I have posted 9 hole scores this year of 47 up to 61. 14 shot difference over 9 holes. I've had some over right around 50 and most have been in the mid-upper 50s.

If I have a day where my back, neck, shoulder, knee all seem to be functional at the same time I'm around a break 100 golfer. Problem is, my body has given up on me so I'm very frequently a barely hit the ball golfer. Even if I'm not consistent I know I can still have fun. I will likely never be down to a bogey golfer and I'm fine with that as long as I can have fun, keep it in play most of the time and don't kill it for the people around me.
 
I’ve learned that if I hit a poor tee shot, I’m playing for bogey. Hero shots are score killers. It’s a 60/40 gamble even on the PGA Tour. So most amateur players have no business playing a 1/50 shot. A 50/50 even isn’t worth it if your score is your endgame. Punch out, layup, find your money distance and get it on the green somewhere for some kinda par or bogey putt. I go 12/13 rounds without a triple most times. And my trips are usually when I screw up my safe shot. 🤷‍♂️🤣
 
When listening to US Open coverage, they mentioned the two leaders from Friday had combined for 10 under. The next day, they combined for 10 over.

If they can't be more consistent than that, what chance do we have?

in all seriousness, there's both an element of luck and an element of clarity of thinking. An example from my last round was 78 yards short (front pin) of a par 5 in 3 (due to a poor drive). I hit my 56, which I typically hit between 70 and 80 yards. It completely flew the back of the green, hit on the side of the massive hill and shot into the woods. I chopped out with my 5th (all I could manage), got it on with my 6th, and two-putted for a crowd-pleasing triple.
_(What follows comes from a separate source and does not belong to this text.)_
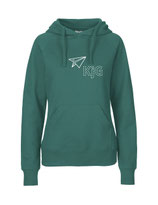 Ladies Hoodie Papierflieger (white/teal)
I didn't hit the shot thin at all. I simply made a FAR better swing than I typically make and hit the club 10 yards farther than normal. So the question remains in my mind - given the extreme danger behind the green, should I have taken a club that had zero chance of going over the green (my 60) and likely come up short with my 4th? Probably so. I would have been able to chip or putt on and at worse, 2 putt for a double. But there would have been a reasonable chance of making a bogey.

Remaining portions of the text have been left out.